Candicidin made it as far as phase III clinical trials to treat benign prostatic hyperplasia, recounts Schaffner, and was approved as a treatment in some other countries, but sale of the company apparently derailed efforts toward U.S. approval.
“After the [U.S.] trials stopped, all the patients did their best to get the drug,” Schaffner remembers. “They wrote to the Philippines and ordered it from there. People brought it back from the former Soviet Union.” There was no other non-surgical alternative at the time.
A second chance
In 2002, Schaffner heard news of the Schering-Plough (now Merck) cholesterol-lowering drug ezetimibe (Zetia), the first FDA-approved drug to inhibit the absorption of cholesterol in the intestines, the same mechanism of action as candicidin. (Statins, which had become the mainstay of anti-cholesterol drugs, work by preventing the liver from turning fat into cholesterol.)
Meanwhile, at Children’s, Solomon and Michael Freeman, PhD, director of basic urologic research, had been studying the relationship between cholesterol and prostate disease. They met with Schaffner through a mutual scientific colleague, and invited Schaffner to Boston. They discussed cholesterol and the prostate for six hours straight.
Together, Children’s and Karikyon filed for patents for the uses of ezetimibe to treat benign prostatic hyperplasia and prostate cancer. Last year, the Children’s researchers reported that ezetimibe may delay prostate tumor growth in mice.
In the latest study, ezetimibe reduced the enlarged prostates of middle-aged hamsters to the same extent as the drug finasteride (Proscar, Propecia; Merck), which blocks the conversion of testosterone into the hormone that maintains the prostate. And combining the two drugs worked better than either one alone. In an unexpected finding, finasteride caused atrophy of the hamster prostate, while ezetimibe did not. The study was funded by the National Institutes of Health and the Hyde and Watson Foundation.
With an adult urology colleague in the Harvard medical community, the Children’s team designed a small clinical trial, hoping to measure with ultrasound the effect of ezetimibe on enlarged prostates, but they could not find funding.

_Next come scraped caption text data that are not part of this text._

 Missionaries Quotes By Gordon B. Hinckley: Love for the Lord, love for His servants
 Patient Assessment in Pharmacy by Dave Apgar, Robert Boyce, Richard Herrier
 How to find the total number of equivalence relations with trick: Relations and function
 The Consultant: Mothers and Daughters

With more support, Solomon and his colleagues would test lower doses of ezetimibe and of finasteride to see if the hamsters’ prostate symptoms could be relieved with fewer side effects, to see if cholesterol lowering could prevent enlargement, and to identify genes and proteins that mediate the effect of cholesterol on the prostate.

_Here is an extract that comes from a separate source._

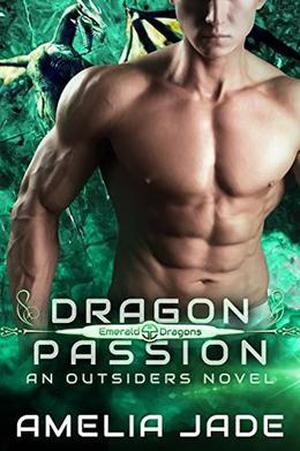 Dragon Passion: Emerald Dragons Book 1 by Amelia Jade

As the researchers seek further funding for their studies, Children’s Technology and Innovation Development Office seeks a business partner interested in developing the potential additional therapeutic applications in people. Merck’s dominant patent on the composition of ezetimibe patent expires on 2014. According to Maude Tessier, licensing manager at Children’s, business discussions are continuing with companies who might be interested in developing ezetimibe for prostate cancer and enlarged prostates.
“Hamsters don’t have the quality of life issues with enlarged prostates that men do,” Solomon says. “But they are particularly good at testing the role of cholesterol in prostate enlargement.”